:: Data extract ::
************

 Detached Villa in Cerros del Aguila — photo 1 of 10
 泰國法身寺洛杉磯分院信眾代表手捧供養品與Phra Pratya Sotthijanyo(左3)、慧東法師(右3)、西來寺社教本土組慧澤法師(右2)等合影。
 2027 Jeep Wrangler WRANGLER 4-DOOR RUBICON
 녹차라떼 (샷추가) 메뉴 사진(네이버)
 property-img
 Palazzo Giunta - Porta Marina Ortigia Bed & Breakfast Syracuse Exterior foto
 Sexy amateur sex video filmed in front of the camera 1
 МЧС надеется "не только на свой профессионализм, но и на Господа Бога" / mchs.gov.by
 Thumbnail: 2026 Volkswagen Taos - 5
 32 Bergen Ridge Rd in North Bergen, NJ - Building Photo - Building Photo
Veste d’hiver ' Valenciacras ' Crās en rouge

************

:: Work instructions ::
Each line from the one containing "Palazzo Giunta - Porta" through the last line of the entries above is to be returned exactly, and no others.

:: Solution to this exercise ::
 Palazzo Giunta - Porta Marina Ortigia Bed & Breakfast Syracuse Exterior foto
 Sexy amateur sex video filmed in front of the camera 1
 МЧС надеется "не только на свой профессионализм, но и на Господа Бога" / mchs.gov.by
 Thumbnail: 2026 Volkswagen Taos - 5
 32 Bergen Ridge Rd in North Bergen, NJ - Building Photo - Building Photo
Veste d’hiver ' Valenciacras ' Crās en rouge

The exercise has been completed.